Monday, January 25, 2010 at 12:26PM |
6 Comments 
Dear UK music industry,
I do hope you enjoyed Midem. I hear it was a little rainy. Now back to the UK and back to business. I would like to introduce you to a friend of mine who inspired me to write this letter. Let's call him Ben, partly because that's his name. Now Ben is perhaps your dream customer: he lives in Clapham, London; has enough disposable income to buy CDs and gig tickets; loves and has a varied taste in music; uses the iTunes store not uTorrent. Ben is strongly opposed to the big rises we've seen over the last few years for gig tickets, especially festival tickets. Ben still buys CDs. New CDs.
On to my point. Ben will not be around forever, and there are very few Bens still around these days. One day even Ben might start sending his friends mp3s via email; watching YouTube videos rather than buying the extended DVD version of Florence & The Machine at Wembley; enjoying as much free content as he can consume and feel good about paying £200 for a gig ticket to make up for that fact.
Remember the good old days when people were excited about CDs, and paid you your full markup? No online discount retailers, no music racks on supermarket shelves. Just HMV, Our Price & Tower Records. And how long did that last? 15 years? Great times for you. 15 out of 133 years of recorded sound, and centuries of live music.
As we've always said from the start, New Music Blog is "all about the music" and if anyone has a problem with us distributing their music then they should let us know. To date we've had not one complaint. So congratulations on that front. Can I also take this opportunity to praise the likes of EMI who actively encourage publications such as NMB by sending us samples of their artists' music.
So how to sum up? To the artists, managers, labels and events organisers in the UK:
- Keep gig tickets priced highly. You have to make some money somewhere. Agreed.
- Stop trying to sell CDs. If someone wants something they can hold, sell them a T-Shirt.
- Stop developing alternatives to the mp3 just so you can bundle in "special" and "interactive" content and charge a premium for it. If a new version of the mp3 should be developed, it will be for increased sound quality only.
- Embrace the return to the roots of the "music industry" - people playing live music. Don't sulk.
To the fans:
- Consume as much new and free music as you wish.
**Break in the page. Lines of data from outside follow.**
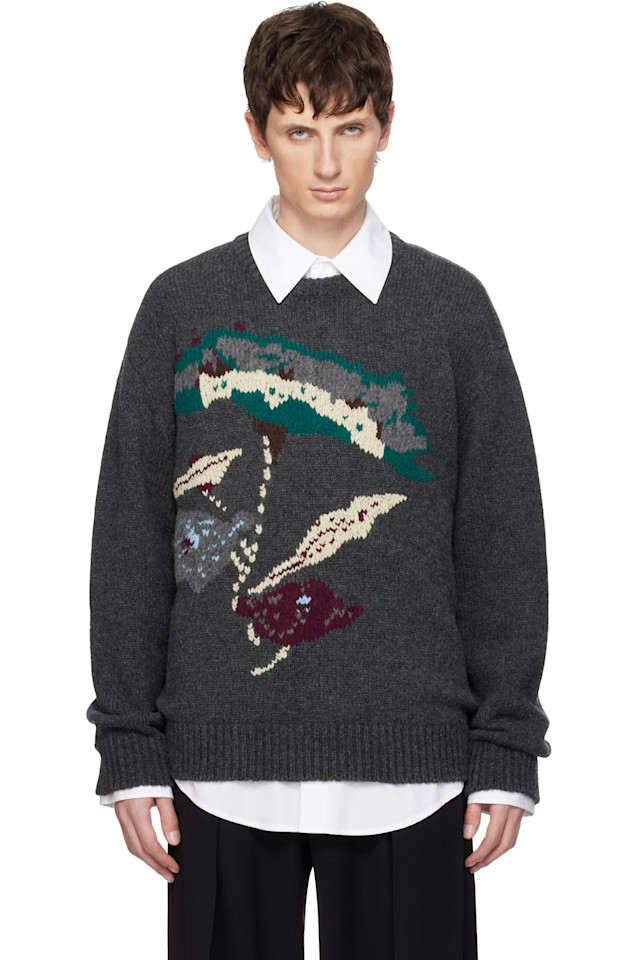 

Wooyoungmi Шерстяной свитер с жаккардовым узором и серыми цветами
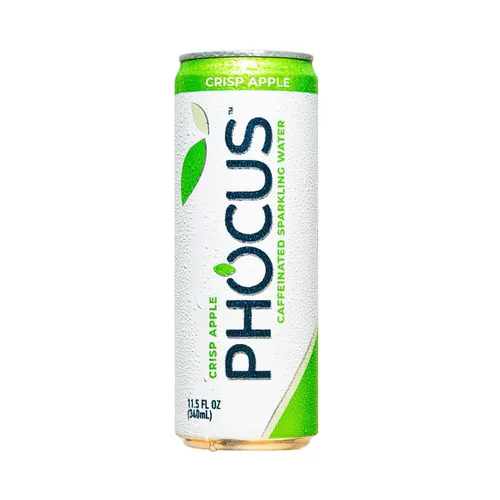 Vista 3 de Phocus Energy Boost, manzana crujiente Sin azúcar 75 mg de cafeína + L-teanina 0 calorías Sabores naturales y edulcorantes 11.5 onzas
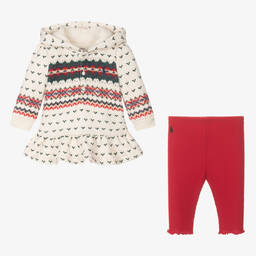 رالف لورين-طقم ليقنز  قطن جيرسي لون أحمر وعاجي للمولودات | Childrensalon Outlet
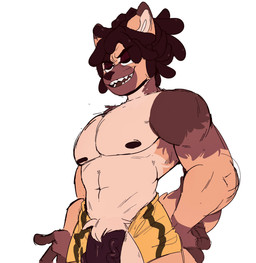 anthro balls biceps big_penis black_eyes black_penis bottomwear bottomwear_down brown_body brown_fur bulge clothing crotch_tuft dreadlocks fur genitals half-closed_eyes huge_penis humanoid_genitalia humanoid_penis male muscular muscular_anthro muscular_male narrowed_eyes navel nipples open_mouth pecs penis shorts simple_background smile solo standing tan_body tan_fur tuft vein veiny_penis white_background yellow_bottomwear yellow_clothing yellow_shorts akachionmain devin_(yungyiff) canid canine canis domestic_dog german_shepherd herding_dog mammal pastoral_dog hi_res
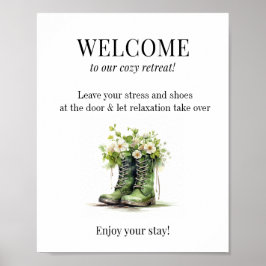 Póster Mensaje personalizado de bienvenida de alquiler de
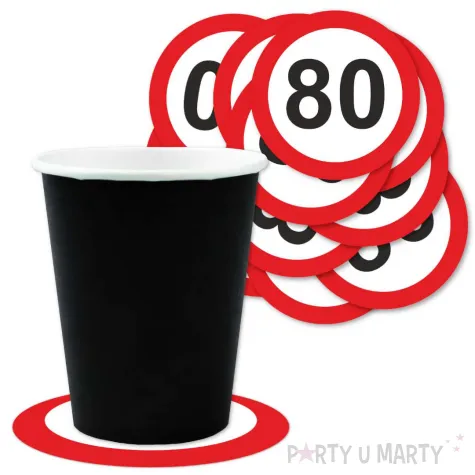 xx podkladki papierowe 80 urodziny traffic birthday 9 5 cm 12 szt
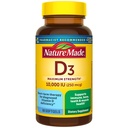 Nature faite de vitamine D3 10000 UI (250 mcg) Force maximale, supplément de vitamine D pour le soutien de santé osseux et immunitaire, 60 softgels, 60 jours d'approvisionnement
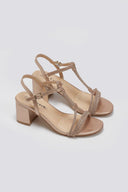 Πέδιλα με στρας και μπαρέτα - Χαλκός - thefashionproject.gr - La Coquette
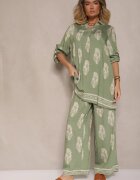 m&d fashion Set Verde Oversize în Stil Rustic Cămașă Lungă și Pantaloni Largi Mepilara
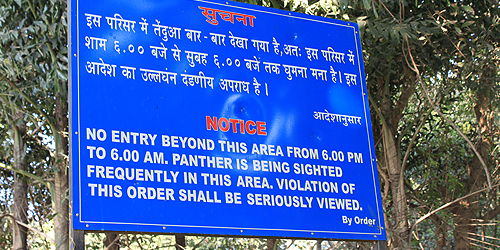 Panther warning sign, IIT Bombay Mumbai, January 2012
But please, go to gigs. Buy T-Shirts. Don't climb the megafence at Glastonbury or baulk at a £6 burger.
- Enjoy the death of auto-tune.
Yours sincerely,
New Music Blog
London, January 2010





Reader Comments (6)
Well said :) especially the death of autotune (and lip-synching):
before: http://www.youtube.com/watch?v=Kvhc5yEByRs
after: http://www.youtube.com/watch?v=YLS29AE6rqw&feature=related
when will we start paying our artists properly? and how....
Very interesting points & well made ones too Mister.Good luck with your endevours. X
Thank you for writing this! I feel the same way about the American music industry.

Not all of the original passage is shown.